Affrontare il fenomeno OOTL
Il progetto, che ha ricevuto il sostegno del programma di azioni Marie Skłodowska-Curie, ha adottato un approccio duplice per affrontare il problema costituito dal fenomeno OOTL. Innanzitutto, ha cercato di comprendere come la capacità di coordinarsi e di adattarsi reciprocamente in tempo reale durante le interazioni sociali sia fondamentale per consentire agli esseri umani di mantenere la propria facoltà di intervento, anche quando si verificano errori o eventi inaspettati. Sulla base di questa ricerca iniziale, il progetto ha quindi implementato coordinazione e adattamento reciproco nel comportamento del robot umanoide iCub, sviluppato presso l’IIT. «Così facendo speravamo di contribuire a contrastare il fenomeno OOTL, che spesso affligge le interazioni uomo-macchina», osserva Ciardo.
Far progredire le neuroscienze cognitive e la robotica
Il progetto TeAMH-Robot si rivela unico in quanto ha consentito di ampliare in modo significativo lo stato dell’arte nel campo delle neuroscienze cognitive e nel settore della robotica.
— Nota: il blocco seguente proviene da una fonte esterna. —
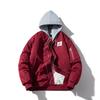 Unisex Thickened Winter Jacket With Embroidery Stand Collar Zipper Front Long Sleeve Teens Adults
Per quanto riguarda il primo di questi, il progetto ha messo in evidenza come, di fronte a compiti di coordinazione caratterizzati da errori, gli esseri umani possano garantire la propria facoltà di intervento adottando un approccio dall’alto verso il basso. Il progetto ha inoltre sottolineato come in queste situazioni gli esseri umani non si affidino all’anticipazione, ma a meccanismi reattivi a livello temporale di correzione degli errori. I ricercatori hanno applicato queste scoperte di ambito psicologico al campo della robotica. «Abbiamo dimostrato che l’implementazione dell’adattamento reciproco di ispirazione umana sui robot umanoidi riduce la probabilità che si verifichi il fenomeno OOTL, incrementando al contempo un’agentività condivisa che promuove l’efficacia dell’interazione uomo-robot», osserva Ciardo.
Sostenere la parità di genere nella scienza
Nonostante l’importanza dei risultati scientifici raggiunti dal progetto, ciò di cui Ciardo è più fiera è la pubblicazione di un libro a fumetti rivolto ai bambini della scuola primaria. Redatto nell’ambito della Giornata internazionale delle donne e delle ragazze nella scienza, il fumetto racconta la vita e i contributi scientifici di Augusta Ada Byron-King, contessa di Lovelace. Byron-King è ampiamente riconosciuta come la prima persona ad aver scritto un algoritmo. La contessa, lavorando oltre un secolo prima dell’invenzione del computer, fu anche la prima a concepire l’idea che le macchine potessero diventare creative e intelligenti. «Si tratta del risultato di cui sono maggiormente orgogliosa, in quanto è stata un’occasione unica e divertente per fondere il mio lavoro scientifico con l’impegno che dedico a sostenere la parità di genere», conclude Ciardo.